@OpenGeek - as far as I read things, I think i’m correct (although the answer is wrong (different solution below) to remove the line, but I had the right reasons!)
Also, to clarify: the filtering I’m talking about is this filtering:
$alias = preg_replace(’/[^\.%A-Za-z0-9 _-]/’, ’’, $alias); // strip non-alphanumeric characters
Explanation, and my possible solution below:
[tt]RFC3986 defines the syntax for URLs (actually URIs, but that’s a moot point) explicitly and states which characters are allowed in a URL. This includes little more than English letters and numbers from the lower half of the ASCII chart.[/tt]
That leads me to believe legal URI’s can only use valid characters (which the line I commented out filters for).
To solve this, we would need to encode the characters percent encoding (again see the page I linked to).
Excerpted:
[tt] GET /wiki/%D7%A2%D7%9E%D7%95%D7%93_%D7%A8%D7%90%D7%A9%D7%99 HTTP/1.1
Host: he.wikipedia.org
In order to understand what this percent encoding means, you need to know a bit about Unicode.
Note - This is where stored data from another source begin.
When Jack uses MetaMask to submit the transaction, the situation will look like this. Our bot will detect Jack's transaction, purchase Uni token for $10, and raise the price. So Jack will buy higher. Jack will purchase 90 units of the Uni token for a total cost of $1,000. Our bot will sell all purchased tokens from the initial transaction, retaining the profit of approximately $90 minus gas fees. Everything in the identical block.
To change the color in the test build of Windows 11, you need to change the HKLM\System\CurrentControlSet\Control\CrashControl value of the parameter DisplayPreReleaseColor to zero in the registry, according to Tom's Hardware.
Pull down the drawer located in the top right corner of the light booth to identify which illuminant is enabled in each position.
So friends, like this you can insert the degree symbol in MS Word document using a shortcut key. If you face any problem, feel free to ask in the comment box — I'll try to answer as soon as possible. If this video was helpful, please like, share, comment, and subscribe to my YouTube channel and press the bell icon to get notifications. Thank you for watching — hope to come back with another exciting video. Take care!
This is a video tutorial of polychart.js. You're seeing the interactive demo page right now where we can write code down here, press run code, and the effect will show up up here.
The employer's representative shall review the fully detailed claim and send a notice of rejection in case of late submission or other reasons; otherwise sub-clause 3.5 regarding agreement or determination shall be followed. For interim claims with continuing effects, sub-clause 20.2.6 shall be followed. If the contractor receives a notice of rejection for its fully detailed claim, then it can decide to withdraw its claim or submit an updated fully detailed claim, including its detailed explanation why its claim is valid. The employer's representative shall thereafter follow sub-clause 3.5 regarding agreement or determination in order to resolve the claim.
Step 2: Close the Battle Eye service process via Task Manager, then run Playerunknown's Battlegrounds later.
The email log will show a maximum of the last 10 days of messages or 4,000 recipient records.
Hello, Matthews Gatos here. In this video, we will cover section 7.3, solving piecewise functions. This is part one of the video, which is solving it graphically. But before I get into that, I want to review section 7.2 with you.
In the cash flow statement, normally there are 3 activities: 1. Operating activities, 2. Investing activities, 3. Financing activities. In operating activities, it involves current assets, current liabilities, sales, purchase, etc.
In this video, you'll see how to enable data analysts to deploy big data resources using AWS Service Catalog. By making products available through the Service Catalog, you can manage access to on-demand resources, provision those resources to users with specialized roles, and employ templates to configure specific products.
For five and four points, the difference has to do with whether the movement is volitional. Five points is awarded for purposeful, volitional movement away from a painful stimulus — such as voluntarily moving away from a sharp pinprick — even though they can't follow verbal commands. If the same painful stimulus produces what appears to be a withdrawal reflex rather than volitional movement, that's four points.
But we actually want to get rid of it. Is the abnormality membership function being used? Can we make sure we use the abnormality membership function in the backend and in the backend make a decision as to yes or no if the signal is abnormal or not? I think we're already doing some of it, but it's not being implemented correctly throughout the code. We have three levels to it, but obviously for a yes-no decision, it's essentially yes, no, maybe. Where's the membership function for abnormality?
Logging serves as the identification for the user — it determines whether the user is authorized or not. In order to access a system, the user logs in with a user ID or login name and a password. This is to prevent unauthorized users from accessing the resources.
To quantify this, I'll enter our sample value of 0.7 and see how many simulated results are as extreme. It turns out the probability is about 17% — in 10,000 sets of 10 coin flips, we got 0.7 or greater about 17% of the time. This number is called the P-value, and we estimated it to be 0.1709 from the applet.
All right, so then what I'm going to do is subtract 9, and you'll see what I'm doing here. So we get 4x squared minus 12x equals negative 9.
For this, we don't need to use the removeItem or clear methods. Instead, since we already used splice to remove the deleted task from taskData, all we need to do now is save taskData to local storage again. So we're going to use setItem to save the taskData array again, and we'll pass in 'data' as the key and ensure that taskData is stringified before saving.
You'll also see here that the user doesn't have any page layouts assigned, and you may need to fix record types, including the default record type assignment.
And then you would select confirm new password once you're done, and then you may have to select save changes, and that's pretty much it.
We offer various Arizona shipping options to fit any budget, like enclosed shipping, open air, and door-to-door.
Basically, the Unicode URL is encoded in UTF8 and each byte of the UTF8-encoded string is encoded using percent encoding. The browser apparently recognized this specific encoding scheme (which isn’t documented anywhere I could fine) and displays nice internationalized URLs for the user.[/tt]
This is both a valid URI as far as the RFC’s, and passes the UTF8 through unmangled.
Further reference here also -
http://en.wikipedia.org/wiki/Percent-encoding
Again, relevant bits excerpted:
[tt]
The generic URI syntax mandates that new URI schemes that provide for the representation of character data in a URI must, in effect, represent characters from the unreserved set without translation, and should convert all other characters to bytes according to UTF-8, and then percent-encode those values. This requirement was introduced in January 2005 with the publication of RFC 3986. URI schemes introduced before this date are not affected.[/tt]
Having read this, then we should simply be doing this.
Checking if the string is UTF-8
If it is, then converting the UTF8 text into % encoding, this should just be a matter of adding a
$alias=rawurlencode ($alias); to the previous line. Then the A-Z filter would be irrelevant, and B unecessary.
Thoughts?
The basic concepts and what I’ve explained are also available at the W3C site here -
http://www.w3.org/International/articles/idn-and-iri/